■ **What you should do**: Every entry below should be returned exactly as it appears, with pictures left out.

[Saved entries]
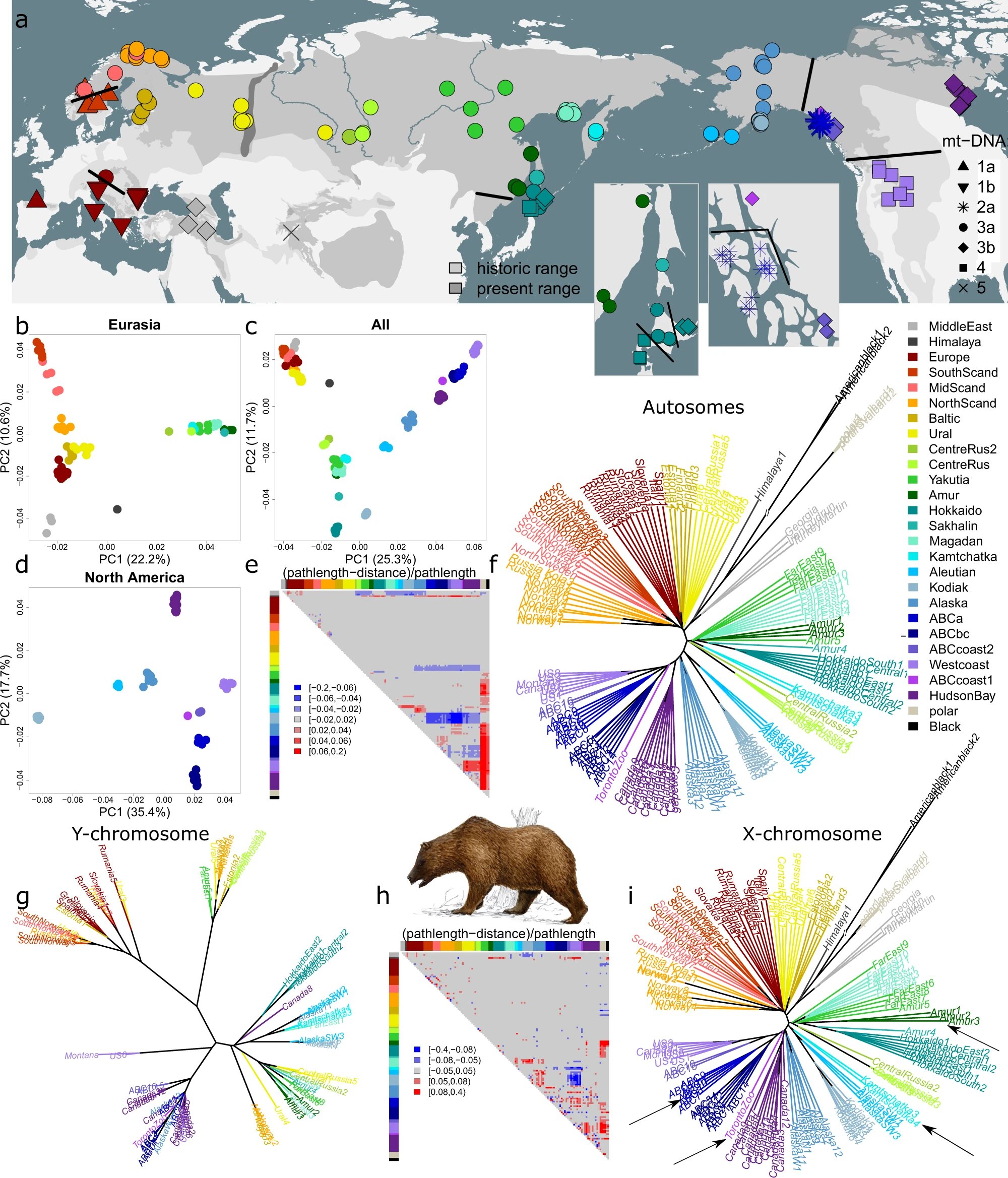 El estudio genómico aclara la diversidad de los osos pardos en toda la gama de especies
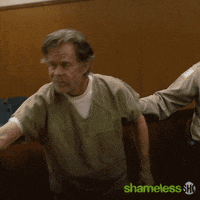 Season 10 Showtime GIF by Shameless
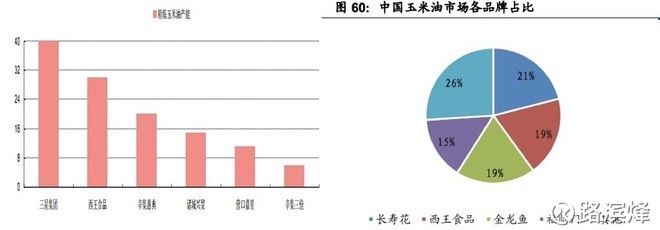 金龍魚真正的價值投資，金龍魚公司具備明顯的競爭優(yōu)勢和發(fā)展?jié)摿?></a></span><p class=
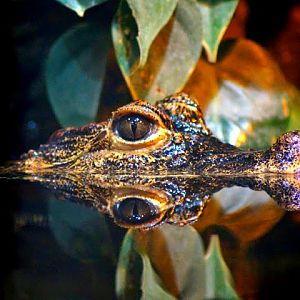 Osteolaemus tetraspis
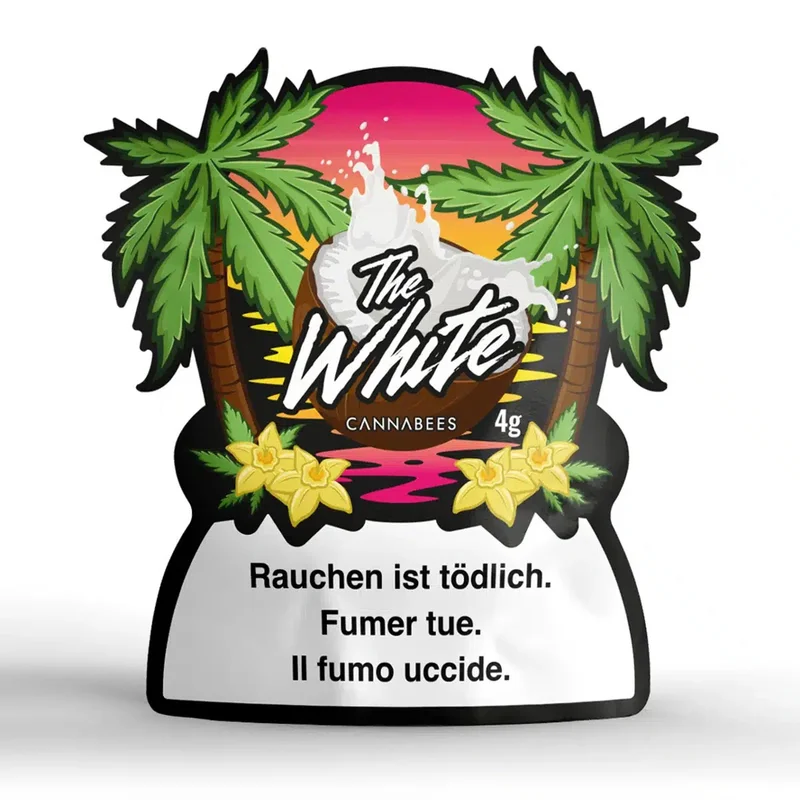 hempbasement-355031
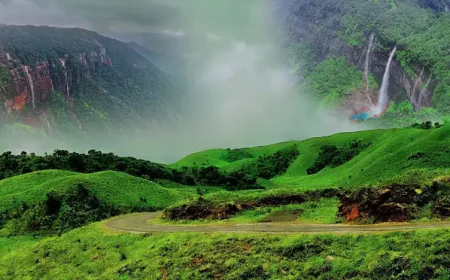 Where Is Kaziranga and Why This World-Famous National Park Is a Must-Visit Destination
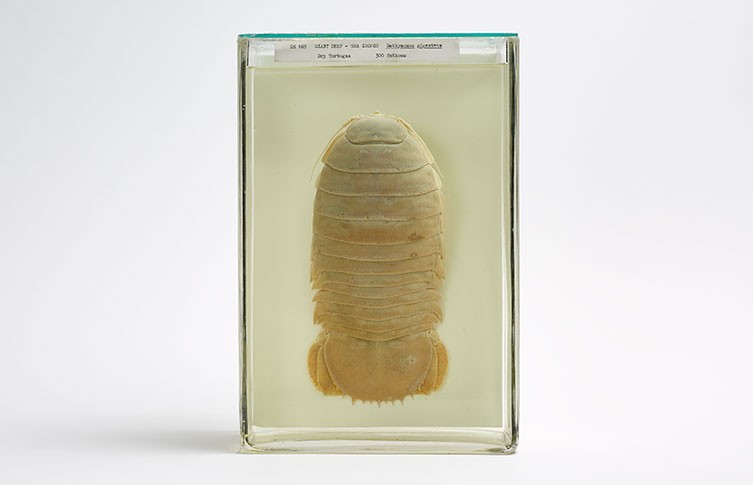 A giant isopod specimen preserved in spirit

■ **Exercise answer**:
 El estudio genómico aclara la diversidad de los osos pardos en toda la gama de especies
 Season 10 Showtime GIF by Shameless
 金龍魚真正的價值投資，金龍魚公司具備明顯的競爭優(yōu)勢和發(fā)展?jié)摿?></a></span><p class=
 Osteolaemus tetraspis
 hempbasement-355031
 Where Is Kaziranga and Why This World-Famous National Park Is a Must-Visit Destination
 A giant isopod specimen preserved in spirit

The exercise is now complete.